OpenMP Strange Behavior - differences in performance

I want to speedup image processing code using OpenMP and I found some strange behavior in my code. I'm using Visual Studio 2019 and I also tried Intel C++ compiler with same result.
I'm not sure why is the code with OpenMP in some situations much slower than in the others. For example function divideImageDataWithParam() or difference between copyFirstPixelOnRow() and copyFirstPixelOnRowUsingTSize() using struct TSize as parameter of image data size. Why is performance of boxFilterRow() and boxFilterRow_OpenMP() so different a why isn't it with different radius size in program?
I created github repository for this little testing project:
https://github.com/Tb45/OpenMP-Strange-Behavior
Here are all results summarized:
https://github.com/Tb45/OpenMP-Strange-Behavior/blob/master/resuts.txt
I didn't find any explanation why is this happening or what am I doing wrong.
Thanks for your help.
I'm working on faster box filter and others for image processing algorithms.
typedef intptr_t int_t;
struct TSize
{
int_t width;
int_t height;
};
void divideImageDataWithParam(
const unsigned char * src, int_t srcStep, unsigned char * dst, int_t dstStep, TSize size, int_t param)
{
for (int_t y = 0; y < size.height; y++)
{
for (int_t x = 0; x < size.width; x++)
{
dst[y*dstStep + x] = src[y*srcStep + x]/param;
}
}
}
void divideImageDataWithParam_OpenMP(
const unsigned char * src, int_t srcStep, unsigned char * dst, int_t dstStep, TSize size, int_t param, bool parallel)
{
#pragma omp parallel for if(parallel)
for (int_t y = 0; y < size.height; y++)
{
for (int_t x = 0; x < size.width; x++)
{
dst[y*dstStep + x] = src[y*srcStep + x]/param;
}
}
}
Results of divideImageDataWithParam():
generateRandomImageData :: 3840x2160
numberOfIterations = 100
With Visual C++ 2019:
32bit 64bit
336.906ms 344.251ms divideImageDataWithParam
1832.120ms 6395.861ms divideImageDataWithParam_OpenMP single-thread parallel=false
387.152ms 1204.302ms divideImageDataWithParam_OpenMP multi-threaded parallel=true
With Intel C++ 19:
32bit 64bit
15.162ms 8.927ms divideImageDataWithParam
266.646ms 294.134ms divideImageDataWithParam_OpenMP single-threaded parallel=false
239.564ms 1195.556ms divideImageDataWithParam_OpenMP multi-threaded parallel=true
Screenshot from Intel VTune Amplifier, where divideImageDataWithParam_OpenMP() with parallel=false take most of the time in instruction mov to dst memory.

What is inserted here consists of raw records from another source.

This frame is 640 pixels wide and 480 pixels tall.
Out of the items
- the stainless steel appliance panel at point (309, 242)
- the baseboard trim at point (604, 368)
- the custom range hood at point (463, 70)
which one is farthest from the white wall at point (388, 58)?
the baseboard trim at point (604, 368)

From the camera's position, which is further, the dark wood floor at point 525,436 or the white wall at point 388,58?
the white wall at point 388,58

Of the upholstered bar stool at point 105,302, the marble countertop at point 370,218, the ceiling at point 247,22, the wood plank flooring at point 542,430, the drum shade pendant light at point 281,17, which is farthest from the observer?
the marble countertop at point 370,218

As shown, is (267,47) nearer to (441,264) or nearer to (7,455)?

648trindade is right; it has to do with optimizations that cannot be done with openmp. But its not loop-unrolling or vectorization, its inlining which allows for a smart substitution.
Let me explain: Integer divisions are incredibly slow (64bit IDIV: ~40-100 Cycles). So whenever possible people (and compilers) try to avoid divisions. One trick you can use is to substitute a division with a multiplication and a shift. That only works if the divisor is known at compile time. This is the case because your function divideImageDataWithParam is inlined and PARAM is known. You can verify this by prepending it with __declspec(noinline). You will get the timings that you expected.

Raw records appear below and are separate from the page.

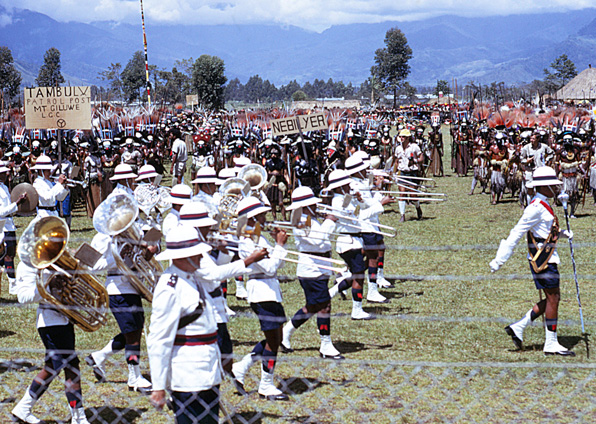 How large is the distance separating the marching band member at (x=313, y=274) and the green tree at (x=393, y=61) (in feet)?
352

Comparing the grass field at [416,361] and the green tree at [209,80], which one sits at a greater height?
the green tree at [209,80]

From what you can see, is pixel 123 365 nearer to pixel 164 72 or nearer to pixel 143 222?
pixel 143 222

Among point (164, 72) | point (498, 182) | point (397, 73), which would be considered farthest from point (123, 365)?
point (397, 73)

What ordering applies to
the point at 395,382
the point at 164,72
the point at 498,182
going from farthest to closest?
the point at 164,72, the point at 498,182, the point at 395,382

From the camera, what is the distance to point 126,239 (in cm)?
599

The openmp parallelization does not allow this trick because the function cannot be inlined and therefore param is not known at compile time and an expensive IDIV-instruction is generated.
Compiler output of divideImageDataWithParam (WIN10, MSVC2017, x64):
0x7ff67d151480 <+ 336> movzx ecx,byte ptr [r10+r8]
0x7ff67d151485 <+ 341> mov rax,r12
0x7ff67d151488 <+ 344> mul rax,rcx <------- multiply
0x7ff67d15148b <+ 347> shr rdx,3 <------- shift
0x7ff67d15148f <+ 351> mov byte ptr [r8],dl
0x7ff67d151492 <+ 354> lea r8,[r8+1]
0x7ff67d151496 <+ 358> sub r9,1
0x7ff67d15149a <+ 362> jne test!main+0x150 (00007ff6`7d151480)
And the openmp-version:
0x7ff67d151210 <+ 192> movzx eax,byte ptr [r10+rcx]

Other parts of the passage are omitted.